Main Results and Discussion

• Sodium: Measured 10.63 mg/L (RSD 0.08%, recovery 106.3%, tailing factor 1.0).
• Potassium: Measured 4.74 mg/L (RSD 0.27%, recovery 101.2%, tailing factor 1.2).
• All results comply with USP limits for precision (RSD ≤1.0%), recovery (90–110%), and peak symmetry (tailing ≤2.0).

Benefits and Practical Applications

The method provides high precision, accuracy, and throughput for pharmaceutical quality control laboratories. Direct conductivity detection reduces analysis time and instrument complexity compared to flame photometry. The approach is adaptable for routine assays and regulatory compliance.

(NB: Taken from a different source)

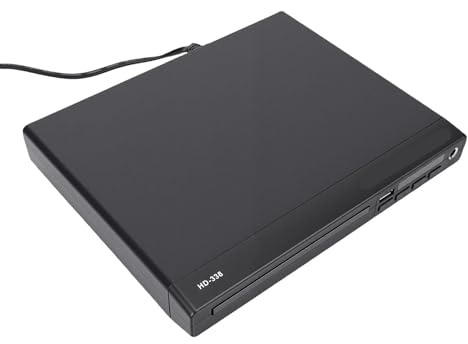 Tonysa HD Multimedia Interface DVD Player Multi Region DVD Player with USB Karaoke 1080P HD Support CD MP3 Playback Remote Control for Home Theater (UK Plug)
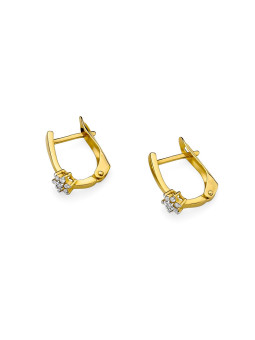 Yellow gold earrings with diamonds BGBR02-05-02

Future Trends and Potential Applications

Emerging developments include coupling ion chromatography with mass spectrometry for enhanced specificity, automation for higher sample throughput, and data-driven quality assurance using advanced analytics. Method adaptation to a wider range of dosage forms and simultaneous multi-ion profiling is anticipated.

Conclusion

The validated ion chromatography method with direct conductivity detection meets USP monograph requirements for potassium and sodium determination in effervescent tablets. It offers a streamlined, reliable workflow for pharmaceutical analysis.

Reference

Metrohm Application Note C–184, Version 1, December 2018.